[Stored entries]
────────────────────
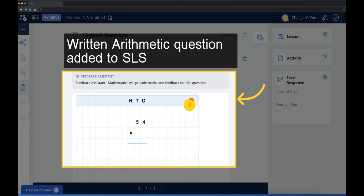Written arithmetic questions are suitable for primary math students. The light bulb icon will provide an indication to the student if the step is correct to obtain the final answer.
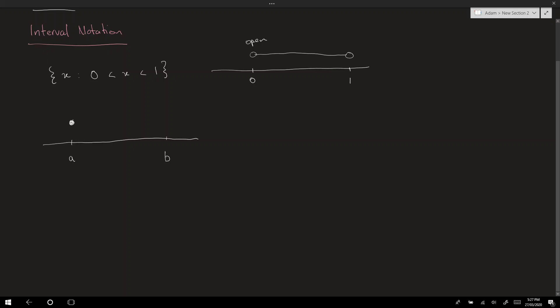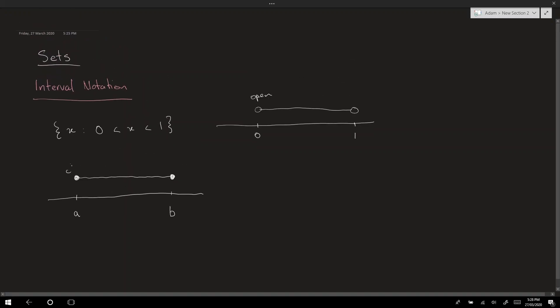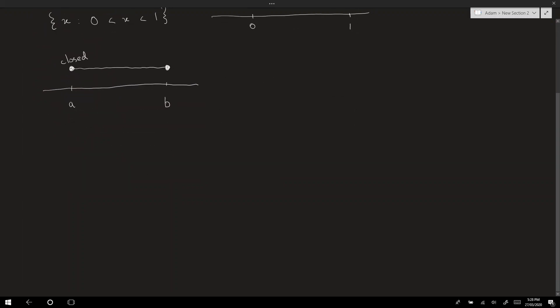If we did want to include them, the way you draw them on the number line is just to color in those circles. So that would signify all the numbers between a and b including a and b. These colored in circles we're going to call closed circles. Another kind of interval: what if you want to include one of those numbers, a or b, but not the other? The one that you're including you color in.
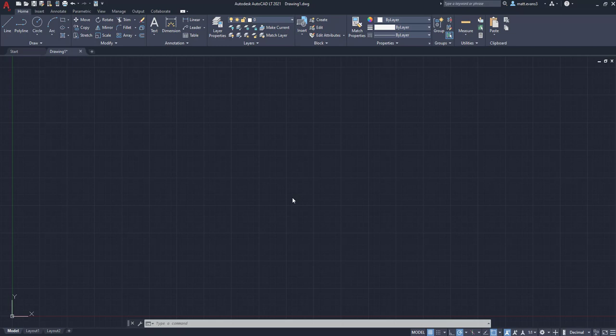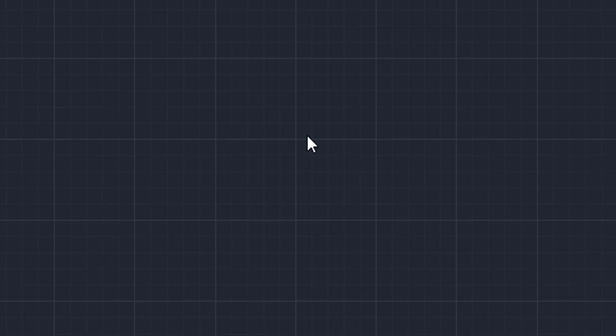Hey everyone, welcome back to another video. Today we're going to be going over something that's somewhat commonly seen. You may have run into the issue before, but it is going to relate to that center cursor in the middle, the little pointer cursor.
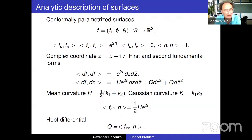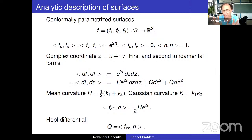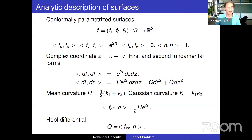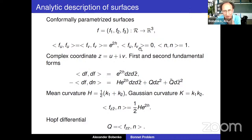We are going to treat surfaces analytically, starting with conformally parameterized surfaces. The question is how to describe surfaces in three-dimensional space — how much information is required. Every surface in R³ can be conformally parameterized, with u and v as conformal coordinates, and e^{2h} as a conformal factor of the metric. The most important thing here is the complex coordinate z = u + iv.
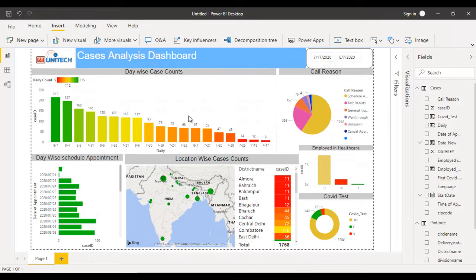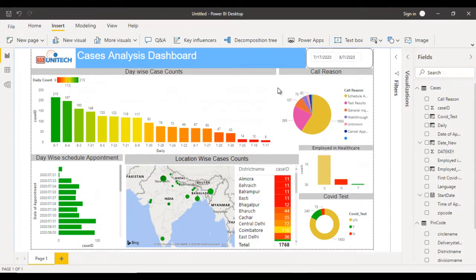We have now completed this dashboard with the column chart, map, matrix with conditional formatting, and all required visualizations. This is a real-time project — if you have any doubts, drop your questions in the comment box and I'll try to respond. If you need the source file, drop your email in the comments. Thank you for watching — stay home, stay safe, keep watching SSUnitech, keep learning, subscribe if you like this video, and please share with others. See you in the next project.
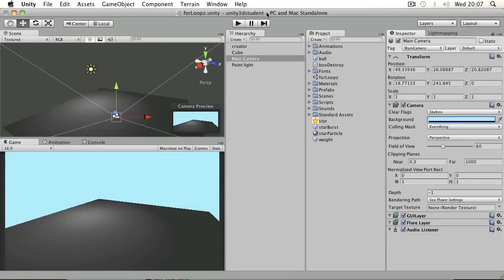Often when making games in Unity, you'll need to carry out an instruction several times. Some people might just repeat the same instruction in a script, but it's not the correct way of doing it. The correct way would be to use something called a for loop, which is simply a way of repeating a set of instructions until a certain criteria is met.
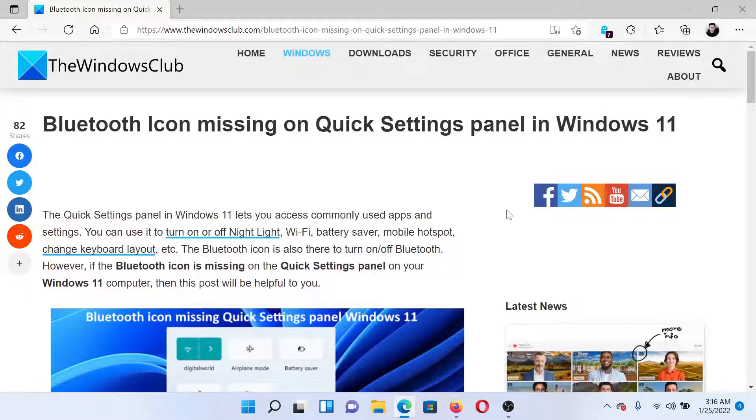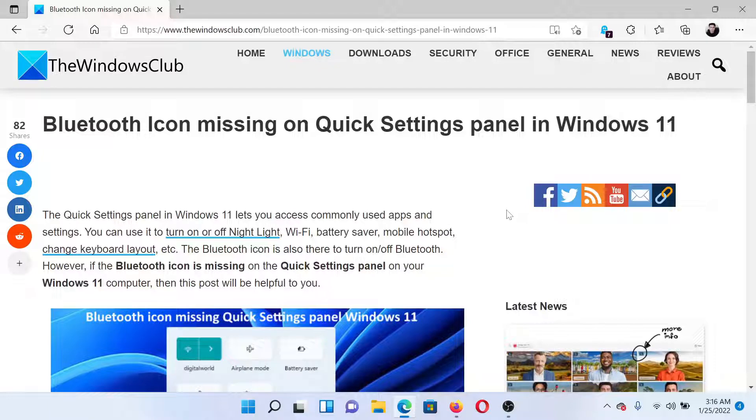Welcome to TheWindowsClub. A lot of users have reported that the Bluetooth icon is missing in the Quick Settings panel of Windows 11. Either read this article for the solution or simply watch this video. We will guide you through the procedure.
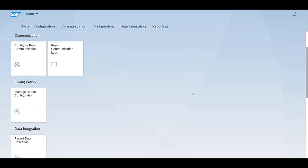In this video we will cover report submission. For the report category that supports online submission, if at the reporting entity level the user is authorized for the submit action, then a user can submit a report online.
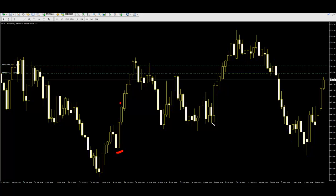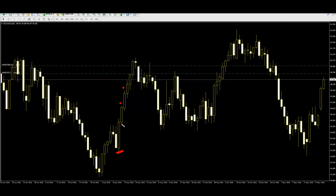No target — just trail the stop loss. Set your first stop loss at the prior low. Next bar goes up and closes, then replace the stop loss to the new low below.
────────────────────
Action item: Without the pictures, repeat all the records word for word.

Task solution:
Written arithmetic questions are suitable for primary math students. The light bulb icon will provide an indication to the student if the step is correct to obtain the final answer.
If we did want to include them, the way you draw them on the number line is just to color in those circles. So that would signify all the numbers between a and b including a and b. These colored in circles we're going to call closed circles. Another kind of interval: what if you want to include one of those numbers, a or b, but not the other? The one that you're including you color in.
Hey everyone, welcome back to another video. Today we're going to be going over something that's somewhat commonly seen. You may have run into the issue before, but it is going to relate to that center cursor in the middle, the little pointer cursor.
We are going to treat surfaces analytically, starting with conformally parameterized surfaces. The question is how to describe surfaces in three-dimensional space — how much information is required. Every surface in R³ can be conformally parameterized, with u and v as conformal coordinates, and e^{2h} as a conformal factor of the metric. The most important thing here is the complex coordinate z = u + iv.
We have now completed this dashboard with the column chart, map, matrix with conditional formatting, and all required visualizations. This is a real-time project — if you have any doubts, drop your questions in the comment box and I'll try to respond. If you need the source file, drop your email in the comments. Thank you for watching — stay home, stay safe, keep watching SSUnitech, keep learning, subscribe if you like this video, and please share with others. See you in the next project.
Often when making games in Unity, you'll need to carry out an instruction several times. Some people might just repeat the same instruction in a script, but it's not the correct way of doing it. The correct way would be to use something called a for loop, which is simply a way of repeating a set of instructions until a certain criteria is met.
Welcome to TheWindowsClub. A lot of users have reported that the Bluetooth icon is missing in the Quick Settings panel of Windows 11. Either read this article for the solution or simply watch this video. We will guide you through the procedure.
In this video we will cover report submission. For the report category that supports online submission, if at the reporting entity level the user is authorized for the submit action, then a user can submit a report online.
No target — just trail the stop loss. Set your first stop loss at the prior low. Next bar goes up and closes, then replace the stop loss to the new low below.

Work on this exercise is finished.